** Exercise instructions **
For this exercise, repeat exactly the lines below starting at the line holding "Karadeniz Ereğli Limanı’nda hamsi yoğunluğu" and ending at the line holding "ต้นไม้ใบเขียวในกระถางเซรามิก 01 WACH 23", both included, with no extra lines and no pictures.

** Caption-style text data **
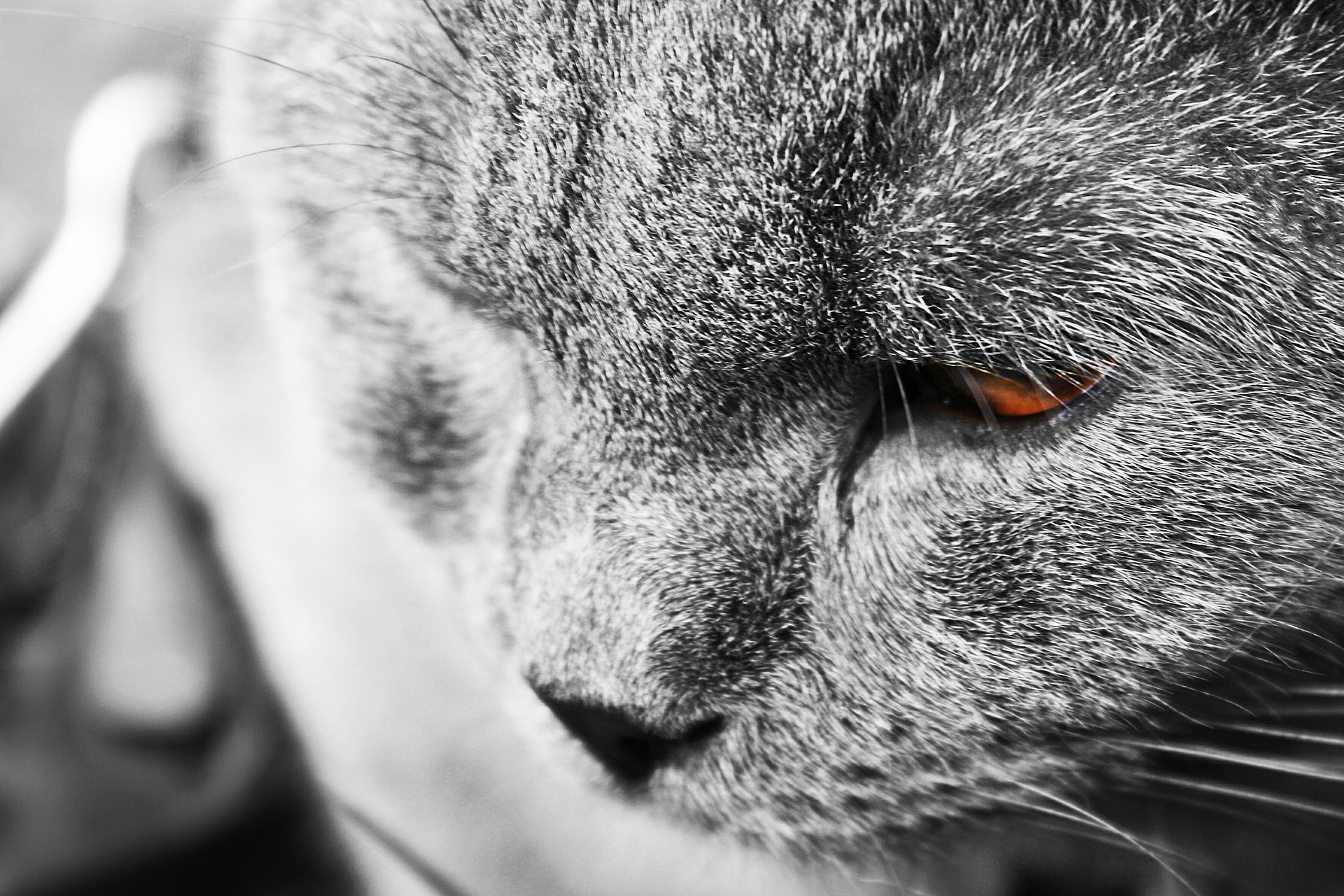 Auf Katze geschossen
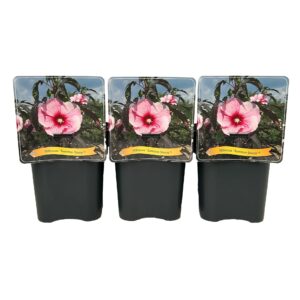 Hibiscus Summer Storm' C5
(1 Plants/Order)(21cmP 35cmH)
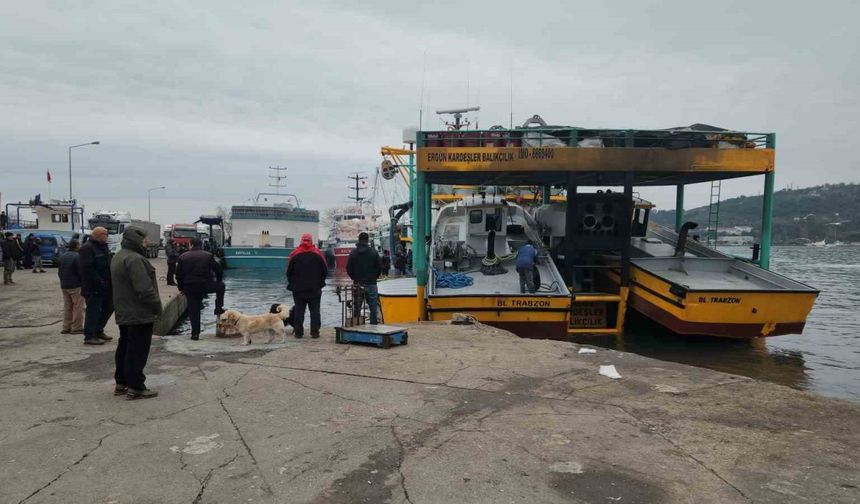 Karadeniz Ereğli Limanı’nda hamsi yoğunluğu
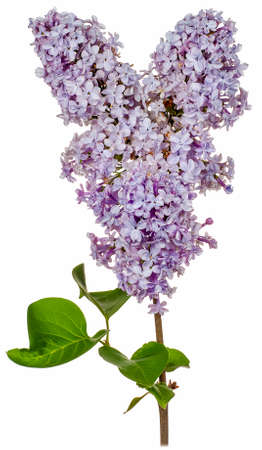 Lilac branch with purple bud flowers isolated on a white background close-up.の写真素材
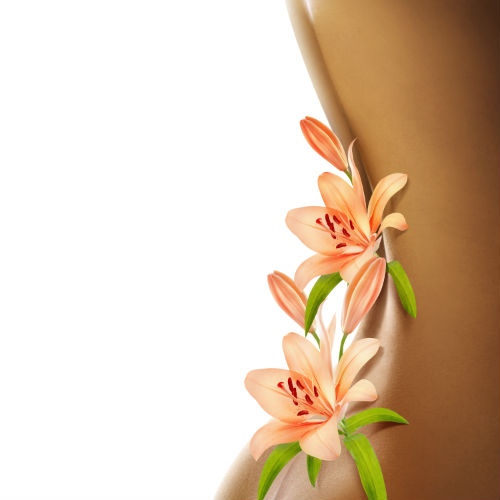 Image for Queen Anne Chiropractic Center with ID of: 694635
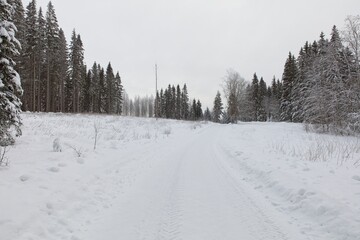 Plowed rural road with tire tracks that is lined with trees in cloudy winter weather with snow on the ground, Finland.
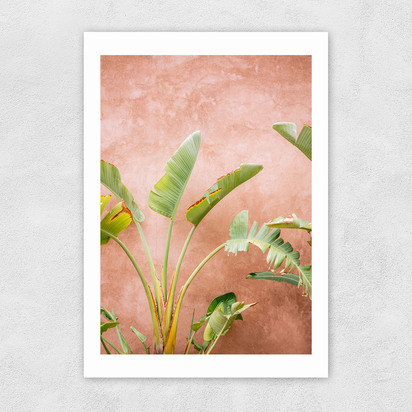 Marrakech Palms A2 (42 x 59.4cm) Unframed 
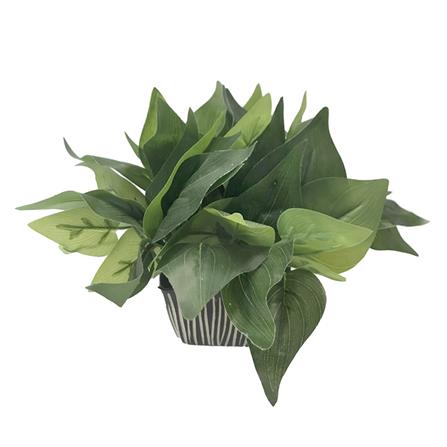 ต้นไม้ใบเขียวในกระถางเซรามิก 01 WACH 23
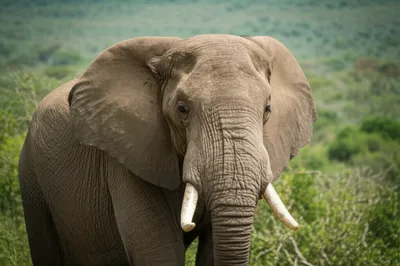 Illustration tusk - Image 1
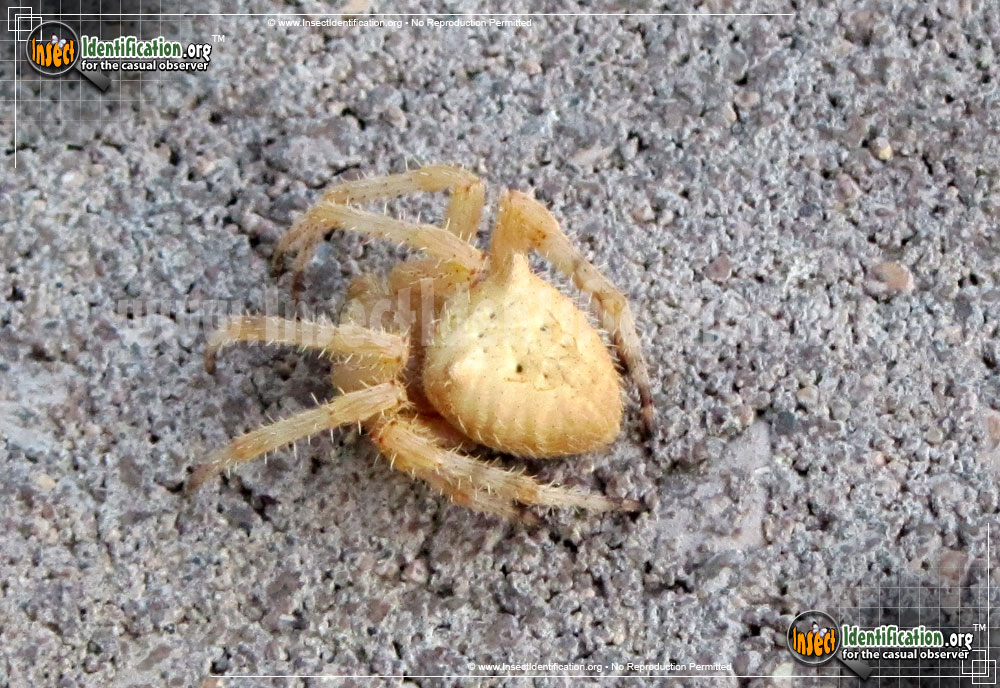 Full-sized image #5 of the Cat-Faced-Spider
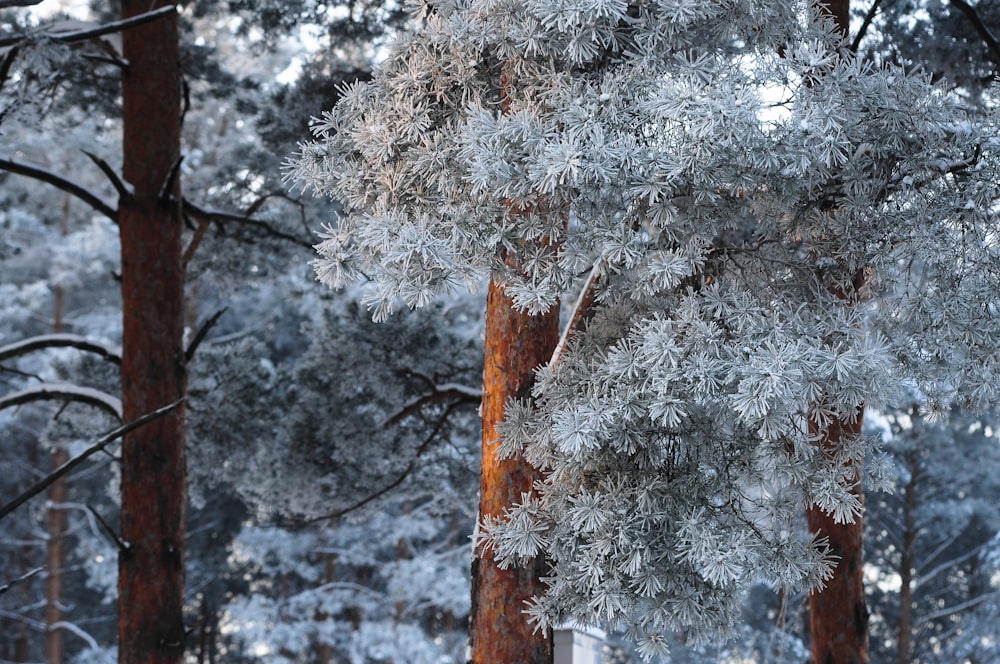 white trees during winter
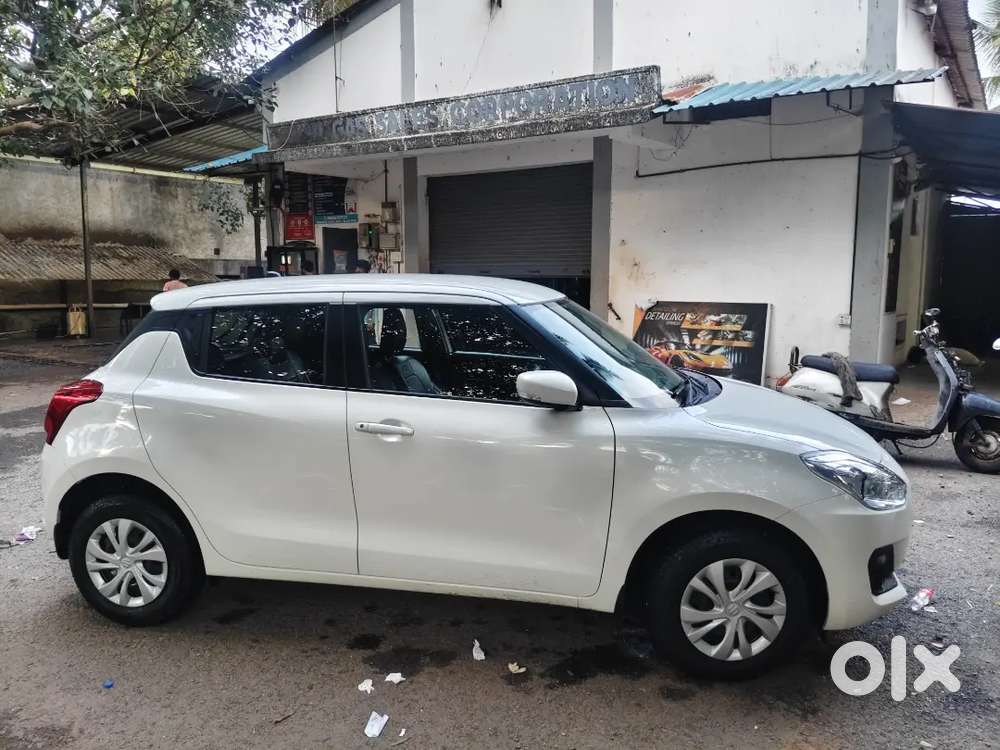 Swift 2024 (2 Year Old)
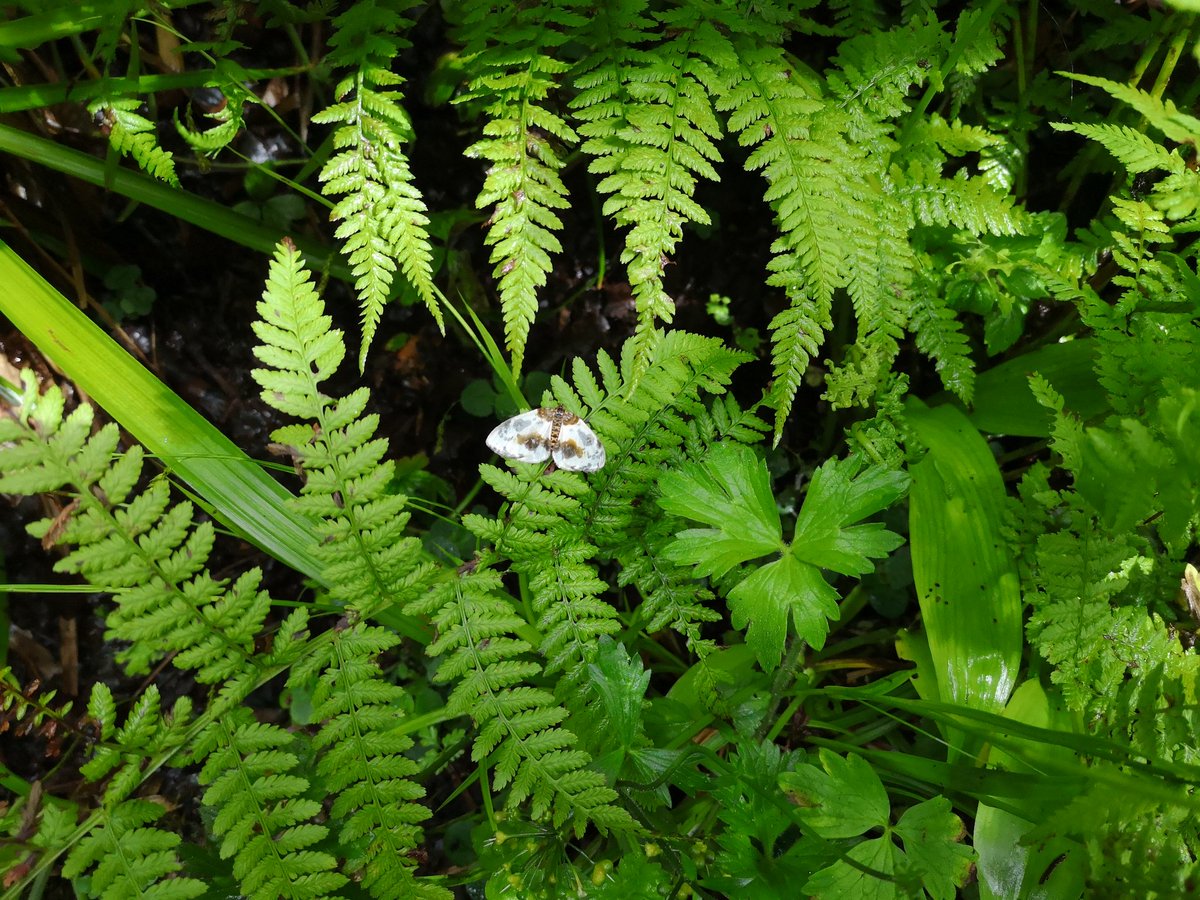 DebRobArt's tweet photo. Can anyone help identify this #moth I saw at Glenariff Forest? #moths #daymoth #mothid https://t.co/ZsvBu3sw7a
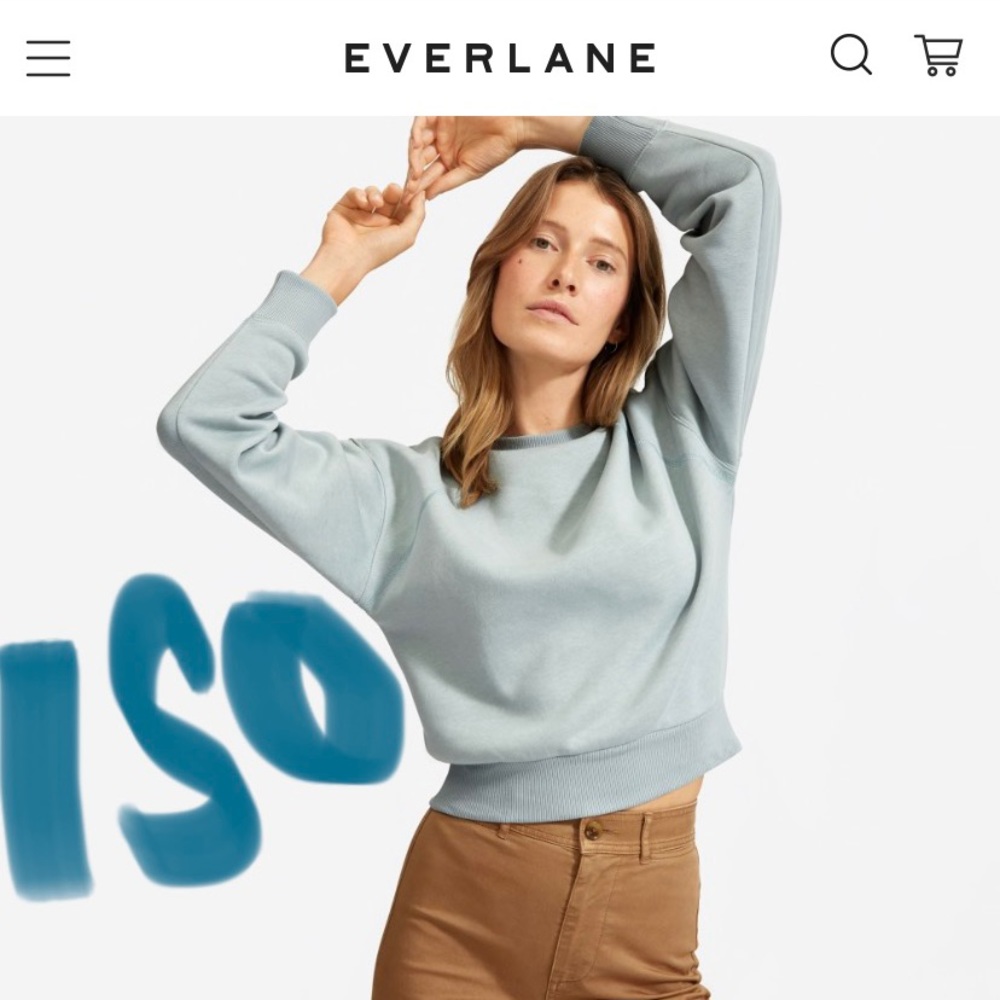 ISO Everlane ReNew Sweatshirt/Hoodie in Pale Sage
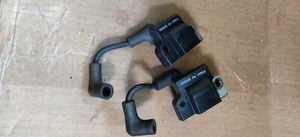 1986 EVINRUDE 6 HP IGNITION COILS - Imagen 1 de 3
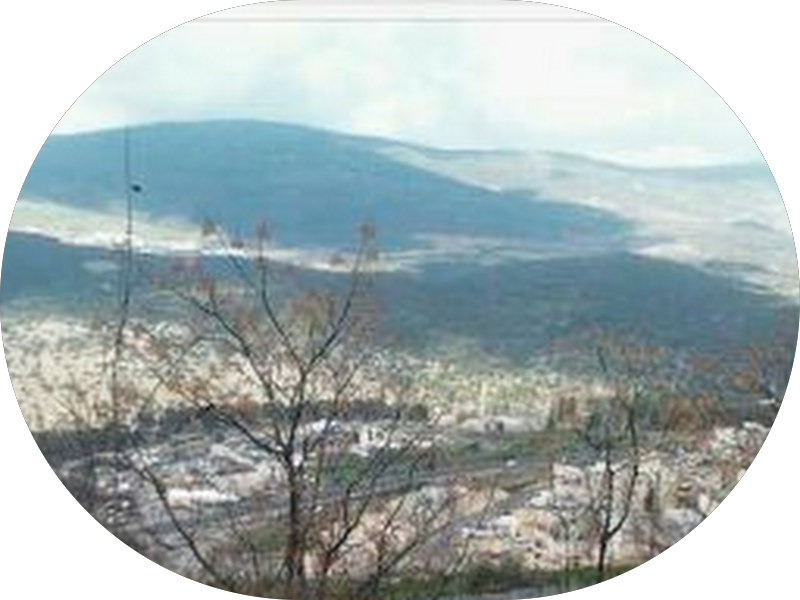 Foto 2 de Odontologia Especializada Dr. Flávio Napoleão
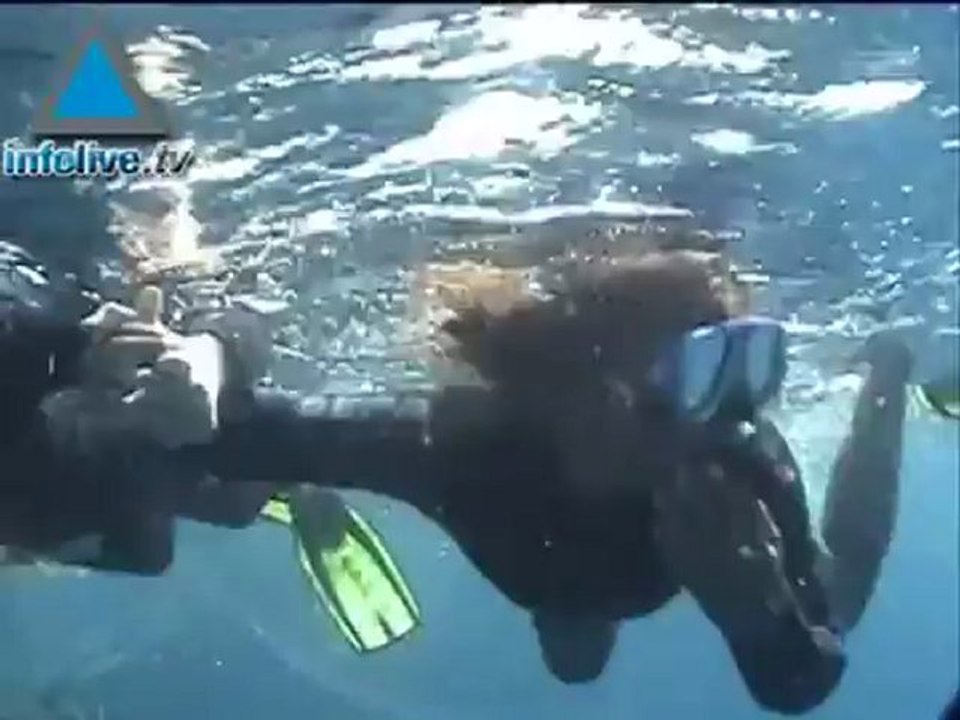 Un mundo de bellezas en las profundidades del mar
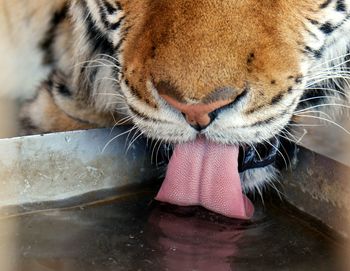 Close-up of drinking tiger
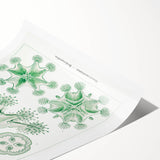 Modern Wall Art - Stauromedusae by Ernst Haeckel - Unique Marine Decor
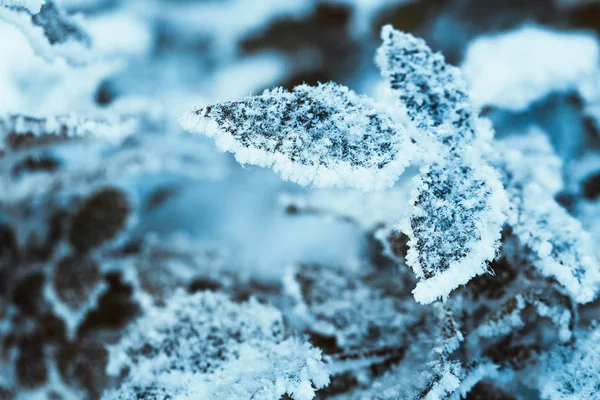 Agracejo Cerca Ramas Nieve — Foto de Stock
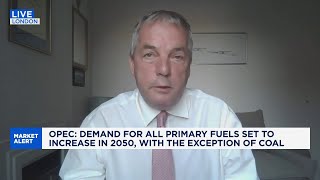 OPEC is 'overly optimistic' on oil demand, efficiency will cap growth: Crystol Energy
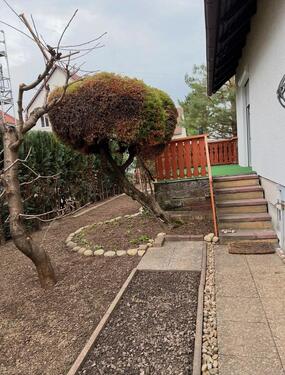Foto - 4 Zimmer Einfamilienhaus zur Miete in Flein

** Task output **
 Karadeniz Ereğli Limanı’nda hamsi yoğunluğu
 Lilac branch with purple bud flowers isolated on a white background close-up.の写真素材
 Image for Queen Anne Chiropractic Center with ID of: 694635
 Plowed rural road with tire tracks that is lined with trees in cloudy winter weather with snow on the ground, Finland.
 Marrakech Palms A2 (42 x 59.4cm) Unframed 
 ต้นไม้ใบเขียวในกระถางเซรามิก 01 WACH 23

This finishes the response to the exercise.